Hükmün, davalı Kurum vekili tarafından temyiz edilmesi üzerine, temyiz isteğinin süresinde olduğu anlaşıldıktan ve Tetkik Hâkimi ... tarafından düzenlenen raporla dosyadaki kâğıtlar okunduktan sonra işin gereği düşünüldü ve aşağıdaki karar tespit edildi.

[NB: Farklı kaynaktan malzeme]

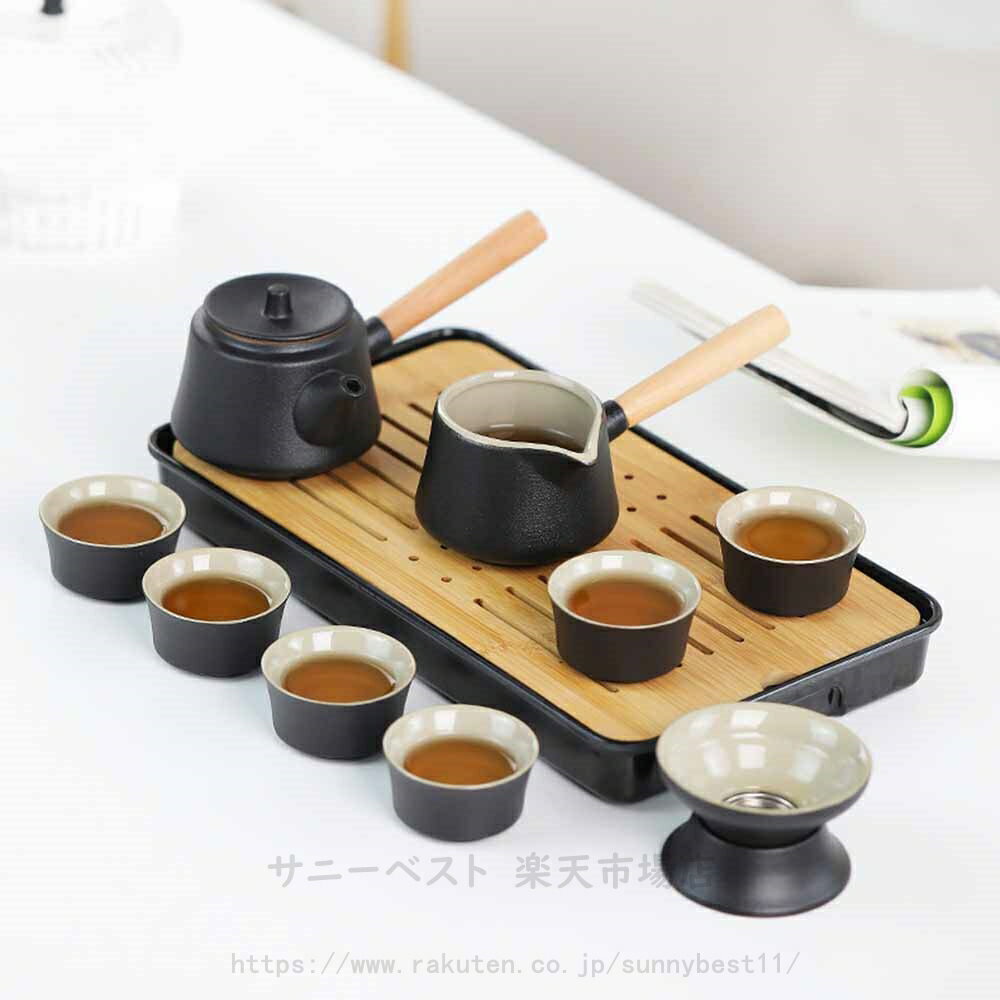 携帯茶器セット 茶盤 中国茶 6人用 アウトドア耐熱 11点セット ポット カップ 旅行用 携帯式 茶道 ティーセット オフィス キャンプ お出かけ 携帯式茶器セット 収納バッグ付き 日本茶 中国茶 中国茶器セットプレゼント 送料無料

Dava dosyası incelendiğinde, davalı ..., ... Belediye Encümeni"nin 22.12.2011 Tarih ve 611 sayılı kararına dayanılarak 5510 sayılı Yasa kapsamında 2011/12 dönemine ilişkin idari para cezası içerikli ödeme emrinin dava dışı ... -...-... adlı kişiler adına düzenlendiği, 16.04.2015 tarihinde ... "nin eşi ... tebliğ edildiği, davacı tarafından ilgili Encümen kararının iptali için idari yargı yolunda iptal davası açıldığı, ... 2. İdare Mahkemesi tarafından dava konusu işlemin iptaline ilişkin verilen hükmün 21.11.2013 tarihinde kesinleştiği, 24.04.2015 tarihinde ise işbu davanın açıldığı, mahkemece davacının ad ve soyadını içeren ödeme emrinin olmadığı, tebligat alındısında da davacının ad ve soyadının bulunmadığı belirtilmek suretiyle, davanın kabulüne karar verildiği anlaşılmış ise de, söz konusu hüküm yanılgılı değerlendirmeye dayalıdır.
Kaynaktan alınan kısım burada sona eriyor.